The first use of "Nabisco" was in a cracker brand first produced by National Biscuit Company in 1901. The first use of the red triangular logo was in 1952. The name of the company was not changed to Nabisco until 1971; prior to that year, the company was often referred to as N.B.C. (unrelated to the broadcasting company; even though the logo could be said to resemble an antenna, this seems to be a coincidence). In 1924 the National Biscuit Company (Nabisco) introduced a snack, put in a 5-cent sealed packet called "Peanut Sandwich Packet". They soon added a second, "Sorbetto Sandwich Packet". These packets allowed salesmen to sell to soda fountains, road stands, milk bars, lunch rooms, news stands etc. Sales increased and in 1928 the company adopted and started to use the name NAB, which immediately won the approval of the public. The term "Nabs" today is used to generically mean any type of snack crackers, most commmonly in the southeastern United States.

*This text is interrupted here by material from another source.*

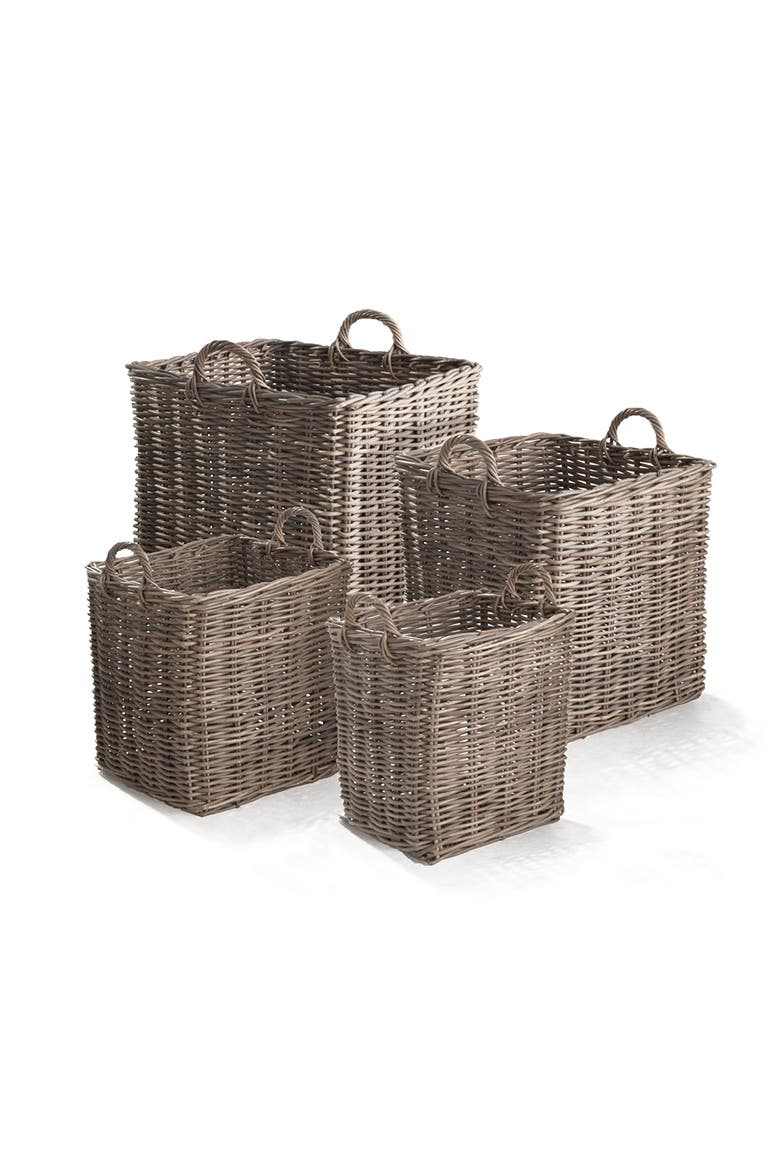 Normandy Square Apple Baskets, Set Of 4, Main, color, Gray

The Nabisco unit that produces cookies and crackers was renamed the Nabisco Biscuit Company in the 1990s. That prompted advertising columnist Stuart Elliott in The New York Times to quip that since Nabisco stood for the National Biscuit Company, the unit should be known as the National Biscuit Company Biscuit Company.
N.B.C. acquired the Shredded Wheat Company (maker of Triscuit and Shredded Wheat cereal) and Christie, Brown & Company of Toronto in 1928, but all of the Nabisco products in Canada still use the name "Christie". N.B.C. acquired F.H. Bennett Company (maker of Milk-Bone dog biscuits) in 1931. When Kraft bought Nabisco, it included Christie.

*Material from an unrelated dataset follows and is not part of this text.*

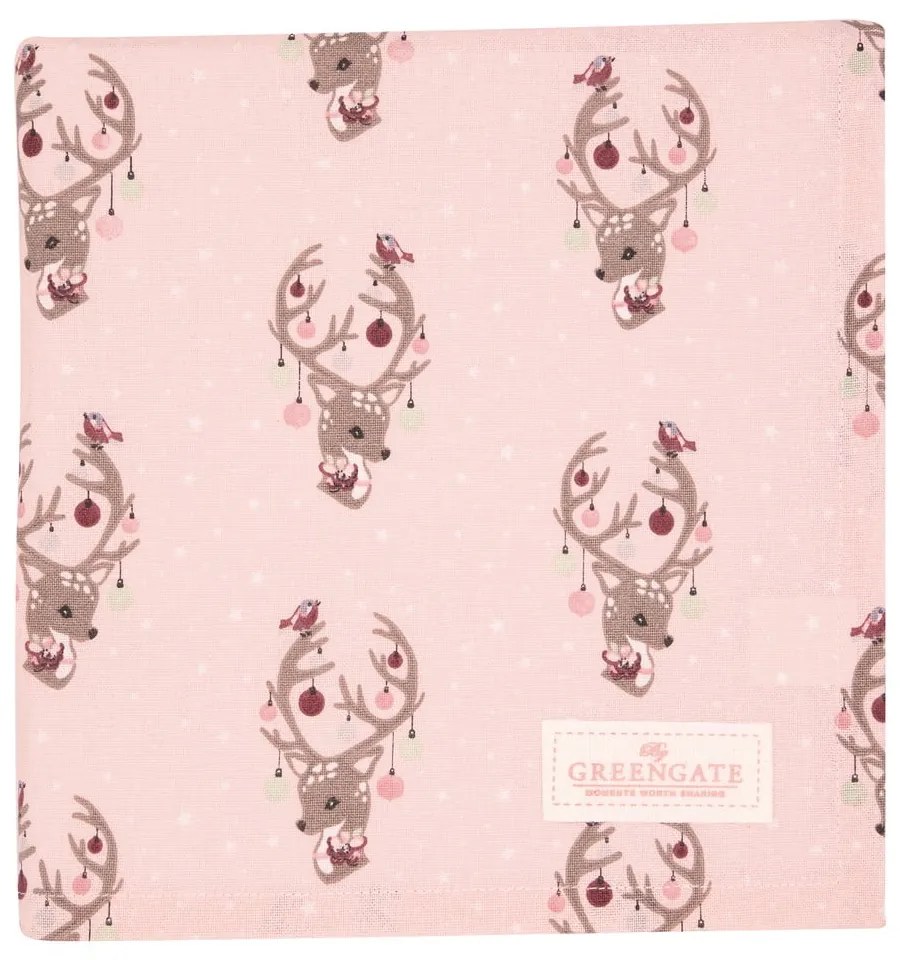 Розова памучна покривка за маса , 100 x 100 cm Dina - Green Gate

In 1981 Nabisco merged with Standard Brands, maker of Planters Nuts and separately acquires LifeSavers Candies. The company was then renamed Nabisco Brands, Inc.
In 1985 Nabisco was bought by R.J. Reynolds, forming RJR Nabisco. RJR Nabisco was in turn bought out in 1988 by Kolberg Kravis Roberts in the biggest leveraged buyout in history. This was described in the book Barbarians at the Gate: The Fall of RJR Nabisco by Bryan Burrough and John Helyar, and a subsequent film.
In 2000 Philip Morris Companies acquired Nabisco; that acquisition was approved by the Federal Trade Commission subject to the divestiture of products in five areas: three Jell-O and Royal brands types of products (dry-mix gelatin dessert, dry-mix pudding, no-bake desserts), intense mints (such as Altoids), and baking powder. Kraft later purchased the company.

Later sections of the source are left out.